TASK ITEM: Reproduce each record verbatim, images excluded.

Image-text web data
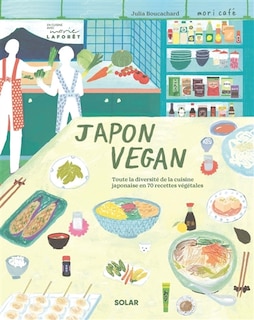 Front cover_Japon vegan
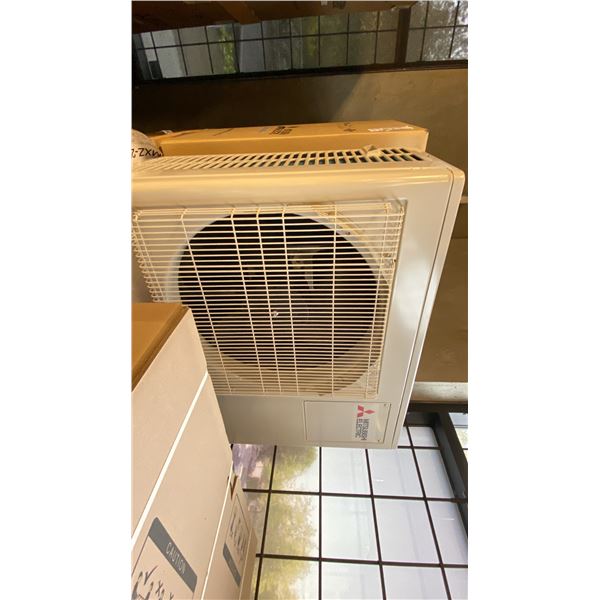 MITSUBISHI ELECTRIC MODEL MXZ-2C20NA4 MULTI-ZONE OUTDOOR UNIT MULTI-SPLIT SYSTEM HEAT PUMP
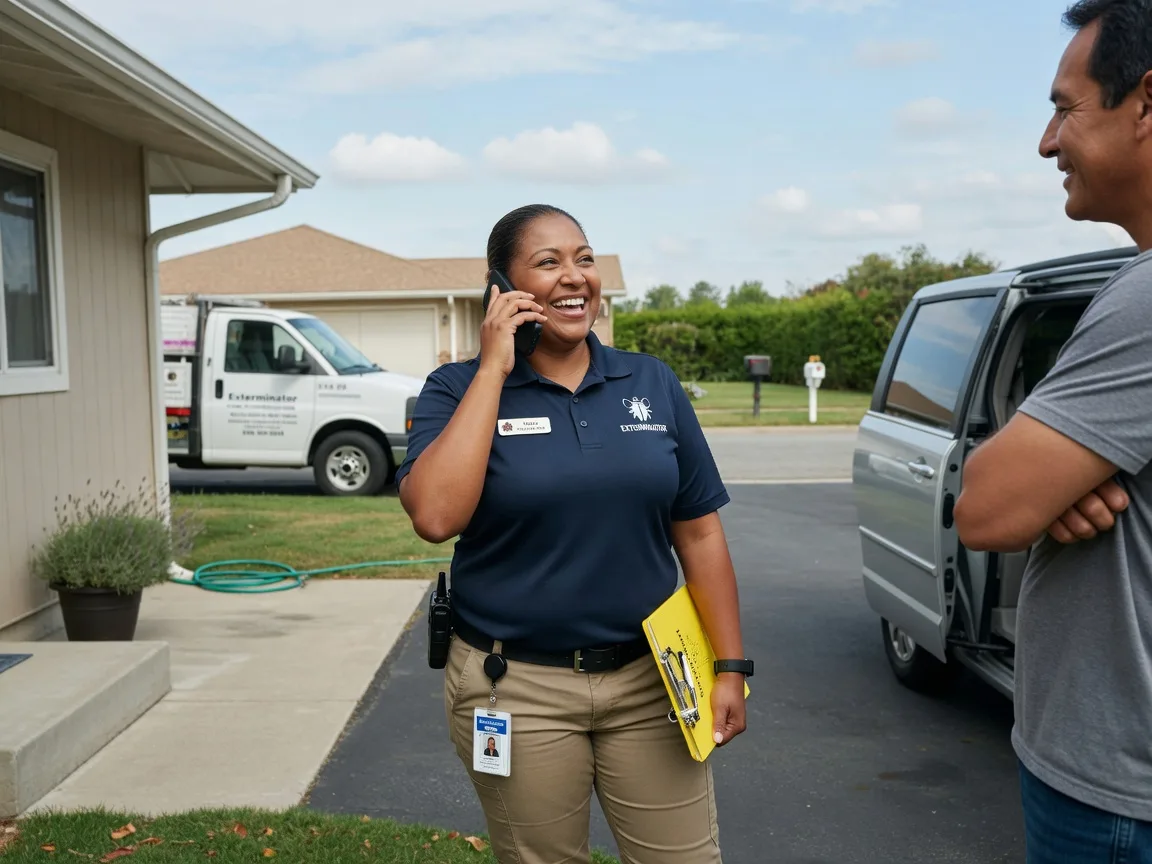 Pest Control Linden, IA FAQs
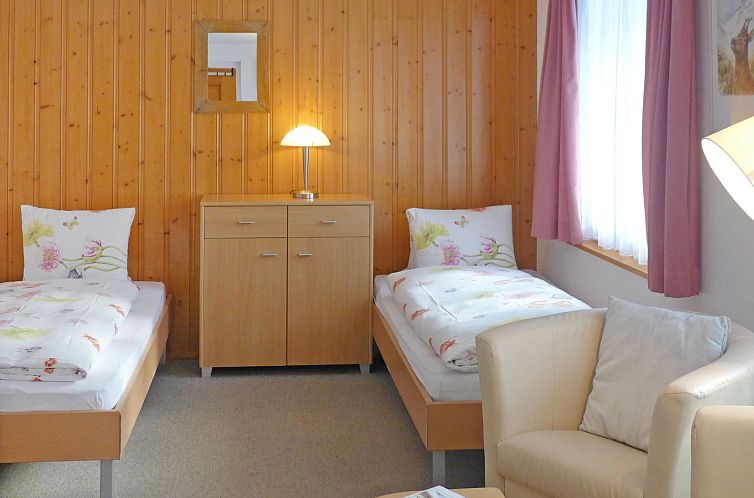 Appartement Chalet Bärgsunna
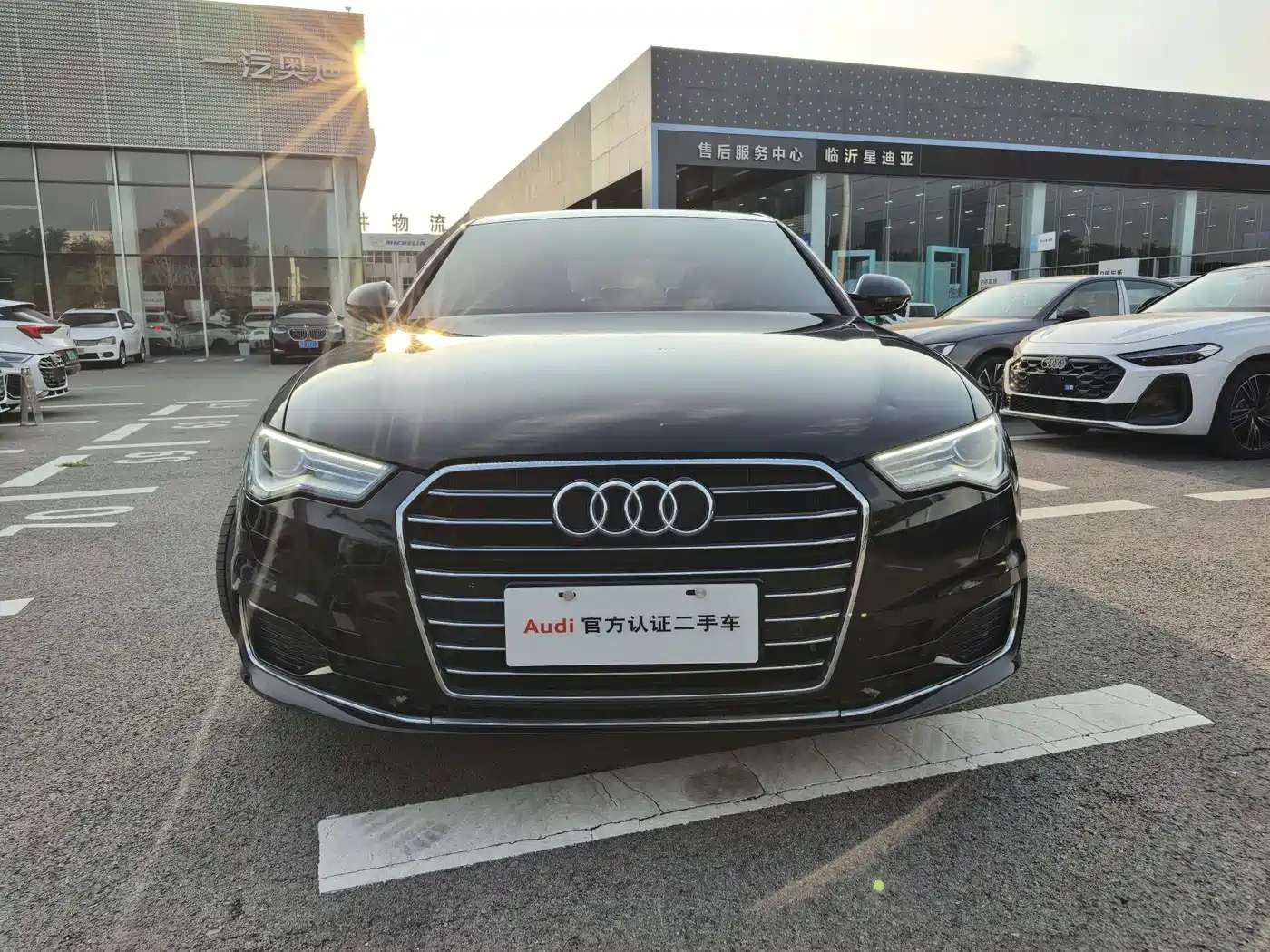 Фото 2 - Audi A6L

ANSWER TO THIS EXERCISE:
 Front cover_Japon vegan
 MITSUBISHI ELECTRIC MODEL MXZ-2C20NA4 MULTI-ZONE OUTDOOR UNIT MULTI-SPLIT SYSTEM HEAT PUMP
 Pest Control Linden, IA FAQs
 Appartement Chalet Bärgsunna
 Фото 2 - Audi A6L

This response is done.